Xi recibió a Trump en el Gran Salón del Pueblo con honores y una puesta en escena protocolar. El presidente estadounidense elogió a su anfitrión, a quien definió como “gran líder” y “amigo”, y aseguró que ambos países tendrán “un futuro fantástico juntos”.
Sin embargo, el tono cambió rápidamente. El líder chino subrayó que “deberían ser socios, no rivales” y puso el foco en la cuestión de Taiwán, a la que calificó como el tema más sensible del vínculo bilateral.
“La cuestión de Taiwán es el tema más importante en las relaciones entre China y Estados Unidos”, afirmó Xi. Y advirtió: “Si se maneja mal, las dos naciones podrían chocar o incluso entrar en conflicto”.
Conflicto por Taiwán y tensiones estratégicas
La advertencia de Xi se produce en un contexto de creciente conflicto por Taiwán, una isla con gobierno autónomo que China considera parte de su territorio y sobre la cual no descarta el uso de la fuerza.
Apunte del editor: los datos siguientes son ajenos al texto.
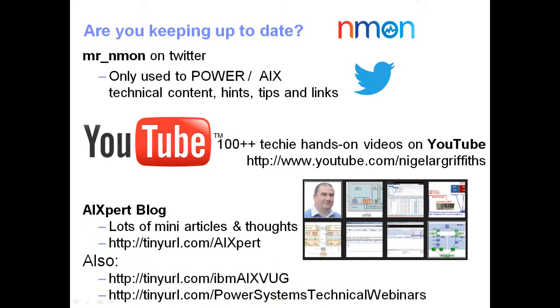For more from Nigel, you can find him on Twitter as Mr. Enmon, on YouTube at channel Nigel A.R. Griffiths, and on the AIXpert blog which has four articles on the S812LC including high-resolution pictures. For those interested in AIX, the AIX Virtual User Group does monthly webinars on topics around Power machines, and there are also Power Systems technical webinars covering AIX, IBM i, and Linux on Power.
Estados Unidos mantiene una política ambigua: reconoce a Pekín como único gobierno chino, pero está obligado por ley a proveer armas a Taiwán para su defensa. Esta dualidad ha sido fuente constante de fricción.
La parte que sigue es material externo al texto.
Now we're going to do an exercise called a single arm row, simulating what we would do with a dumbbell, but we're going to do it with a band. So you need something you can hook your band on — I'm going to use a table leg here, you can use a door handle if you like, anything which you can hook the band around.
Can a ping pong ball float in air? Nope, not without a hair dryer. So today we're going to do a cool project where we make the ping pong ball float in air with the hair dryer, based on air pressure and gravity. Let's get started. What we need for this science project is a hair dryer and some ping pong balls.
Tras las declaraciones del líder chino, las autoridades de Taipéi señalaron a China como el “único riesgo” para la paz regional y remarcaron que Washington ha reafirmado su apoyo a la isla.
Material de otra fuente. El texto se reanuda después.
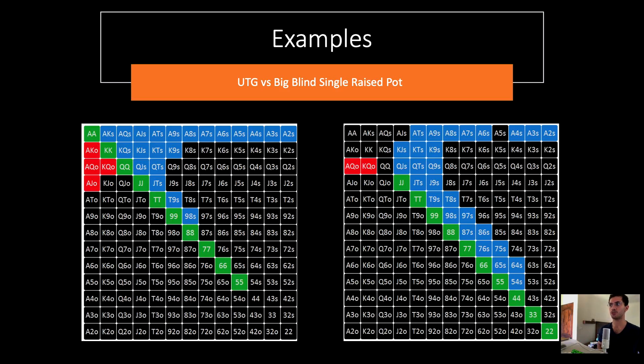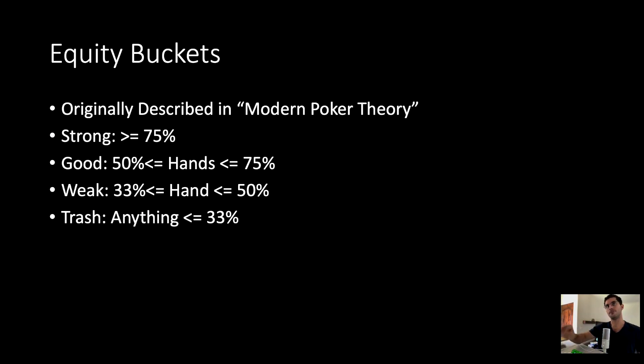Now we're going to jump into some examples. We're looking at under-the-gun versus big blind in a single raised pot. On the left is our UTG opening range, and on the right is our big blind flatting range. This is a concept from Modern Poker Theory around equity buckets: anything with greater than or equal to 75% equity is a strong hand, 50–75% is a good hand, 33–50% is a weak hand, and anything below that is basically trash.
El encuentro entre Xi y Trump, que se extendió por más de dos horas, también se da luego de una guerra comercial 2025 marcada por aranceles y desacuerdos en múltiples áreas, lo que deterioró el vínculo bilateral en los últimos años.
Aun así, en una cena oficial, Trump calificó las conversaciones como “extremadamente positivas y productivas” e invitó a Xi a la Casa Blanca. El presidente chino insistió en la cooperación y aseguró que el crecimiento de su país es compatible con el lema “Make America Great Again”.
Irán, energía y tecnología en la agenda
Otro punto relevante fue la guerra en Irán, que había retrasado la visita de Trump. Ambos líderes coincidieron en la necesidad de mantener abierto el estrecho de Ormuz, clave para el comercio energético global.
“La libre circulación de la energía debe garantizarse”, señaló la Casa Blanca tras la reunión. China depende en gran medida de esta ruta para sus importaciones de petróleo, lo que refuerza su interés estratégico en la estabilidad de la zona.
Según Washington, Xi expresó disposición a aumentar la compra de crudo estadounidense, aunque esta afirmación no fue confirmada por Pekín. En paralelo, Irán autorizó recientemente el paso de buques chinos, lo que evidencia la complejidad del escenario.
La agenda incluyó además temas como la inteligencia artificial entre China y Estados Unidos y la necesidad de establecer mecanismos de control y seguridad en ese ámbito. En la delegación estadounidense participaron empresarios como Elon Musk y Jensen Huang.
Xi cerró la jornada con un mensaje dirigido al sector privado: “China abrirá aún más sus puertas al mundo exterior”, y aseguró que las empresas estadounidenses tendrán “perspectivas aún más prometedoras”.